Ainda segundo a PGR, "a procuradora-geral da República [Lucília Gago] deu conhecimento de tal instauração ao Conselho Superior do Ministério Público (CSMP) na sessão do plenário de 22 de Novembro".

Com origem numa participação remetida à procuradora-geral da República pelo director do DCIAP, a averiguação poderá avançar para um processo disciplinar contra a magistrada, que, no artigo em causa, se insurgia contra a lentidão dos inquéritos a cargo de um departamento do Ministério Público onde “pontuam algumas prima donnas intocáveis e inamovíveis e onde a ‘falta de meios’, de peritos disto e daquilo é sempre a velha razão para os passos de tartaruga a que se movem as investigações”.

“Procuradores que não hesitem em meios de recolha de prova intrusivos, humilhantes, necessários ou não, são o top da competência!”, ironizava Maria José Fernandes. Que recordava o que se passou em Itália nos anos 80 e 90: “A actuação autónoma dos procuradores era de tal ordem que começou a criar graves problemas de desestabilização e até de oportunismo político. Foi necessário introduzir normas de equilíbrio, ali por via de regulamentação interna.”

Para a magistrada, permitiu-se “a criação de uma bruma de auto-suficiência totalmente nefasta e contrária ao que deve ser a qualidade e a excelência”, como demonstra, no seu entender, o resultado de vários julgamentos, leia-se as absolvições dos arguidos.

Contactada pelo PÚBLICO, Maria José Fernandes diz ainda não ter sido notificada da averiguação, mas diz-se segura de não ter violado nenhum dever estatutário. “Mantenho tudo o que escrevi, sejam quais forem as consequências”, declara, acrescentando que aguarda com serenidade o desenrolar do processo.
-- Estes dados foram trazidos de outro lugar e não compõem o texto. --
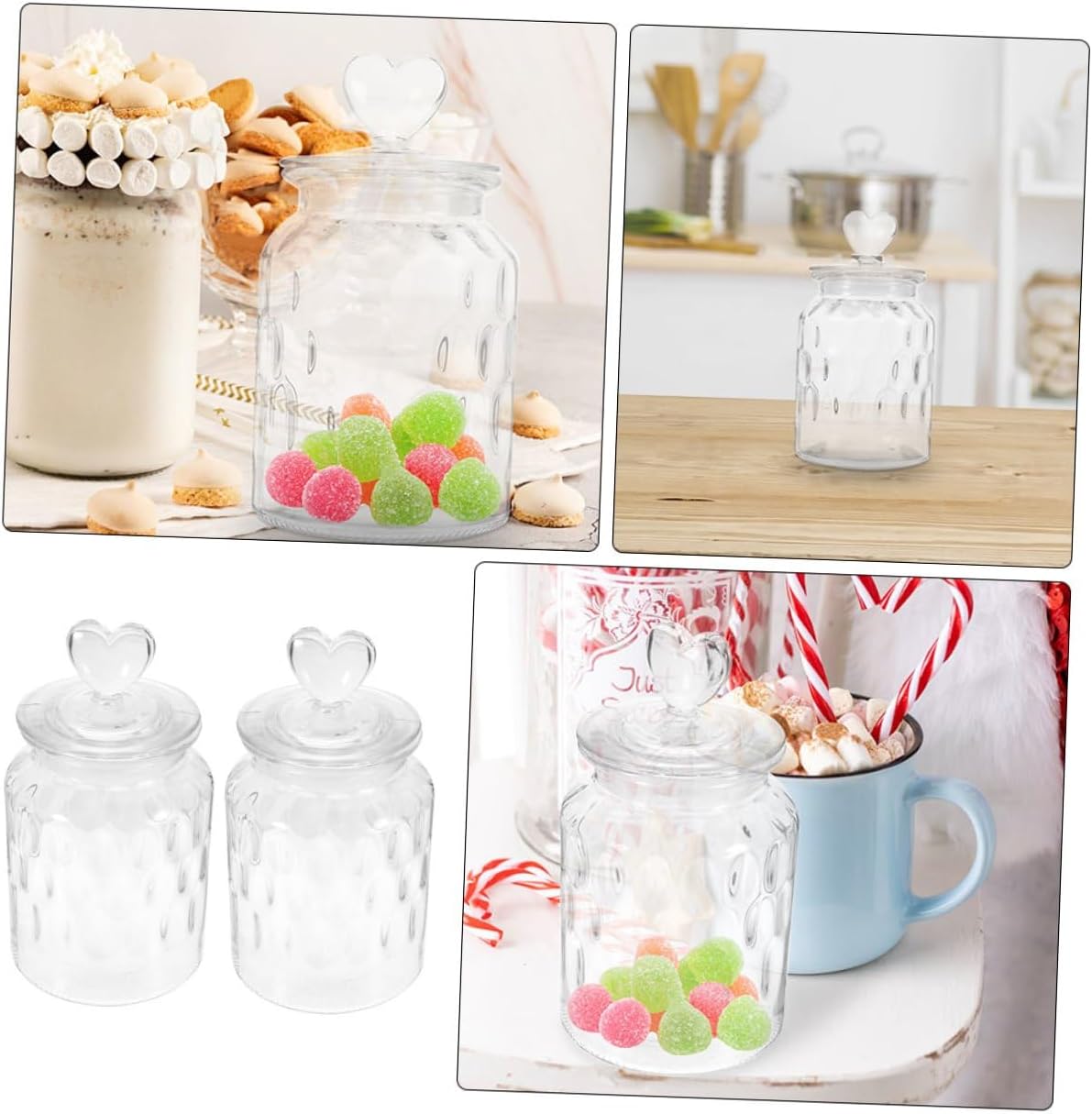 Airtight Glass Grain Storage Jar with Sealing Lid, Medium Glass Canister for Tea, Coffee, Sugar, 2pcs Household Food Storage Container Set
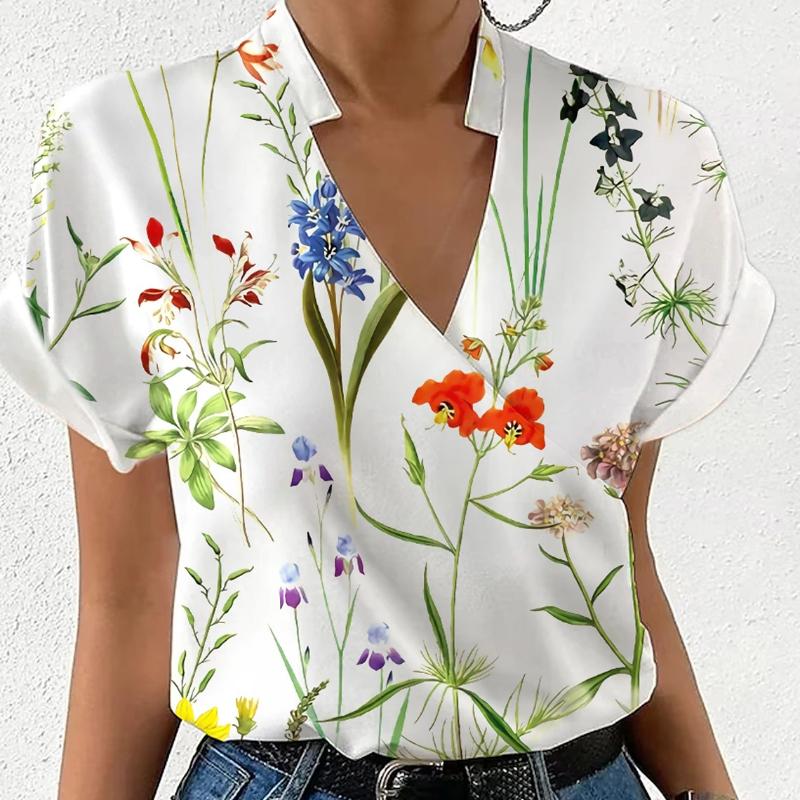 BITCED Dámská letní halenka s krátkým rukávem, volná, s výstřihem do V, stojáčkem a potiskem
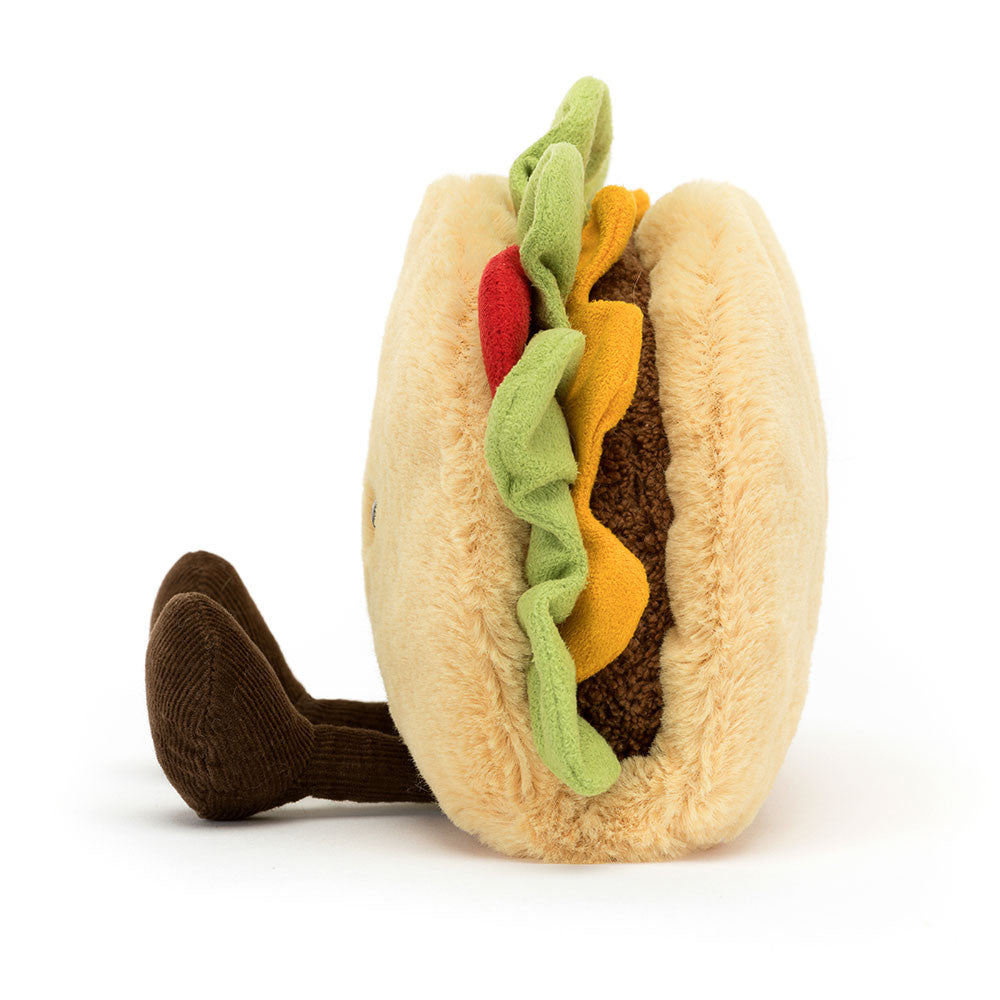 Jellycat Amuseables Taco Plush Toy - Soft & Cuddly Stuffed Taco for Kids & Adults - Perfect for Playtime, Gifts, and Home Decor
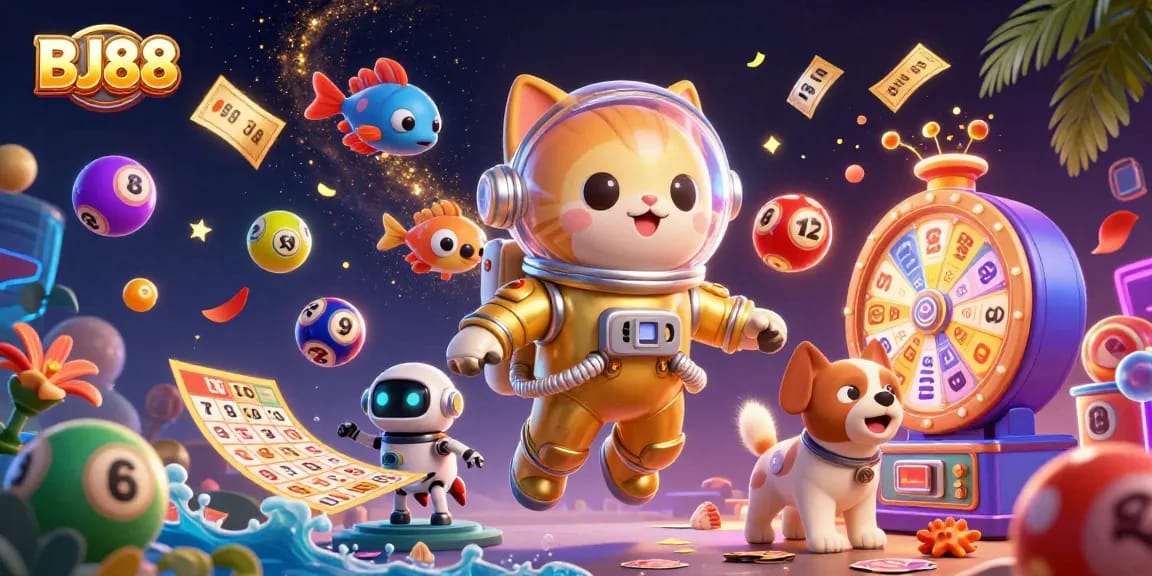 Win at BJ88 with an exciting scene featuring alien fish, a space cat, and dynamic lottery elements.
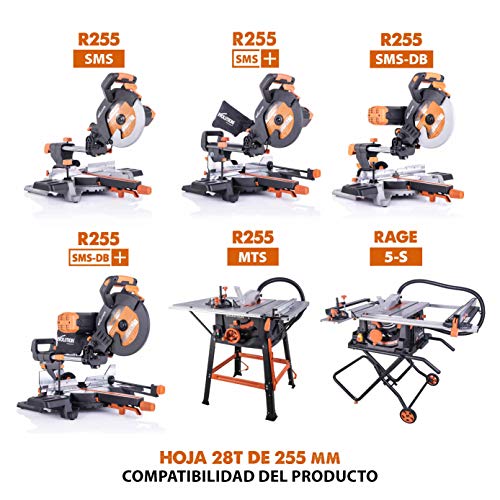 Evolution Power Tools - Hoja de sierra multiuso con punta de acero de carburo RAGE, 255 mm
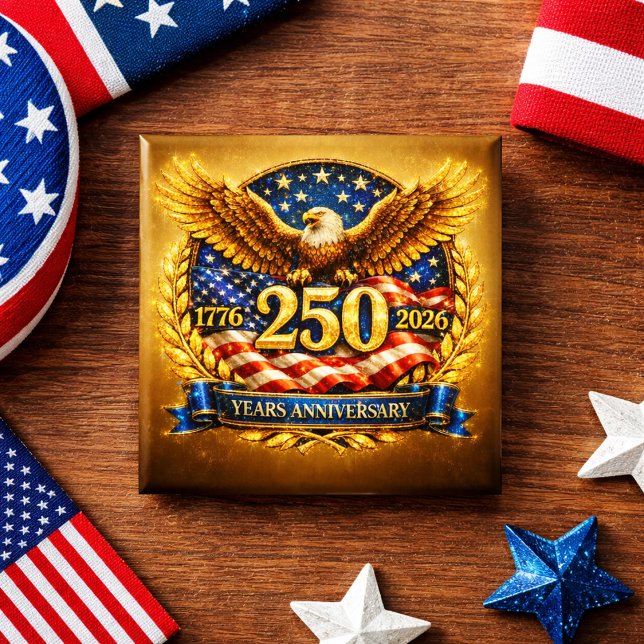 Bóton Quadrado 5.08cm Glittered Semiquincentennial Eagle Emblem (Criador carregado)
No mesmo artigo, a procuradora-geral adjunta alertava para o perigo de haver, no Ministério Público, quem olhe para a investigação criminal como uma extensão de poder sobre outros poderes, sobretudo os de natureza política. "Daí que sejamos surpreendidos, de vez em quando, com buscas cuja utilidade e necessidade é nenhuma", apontava.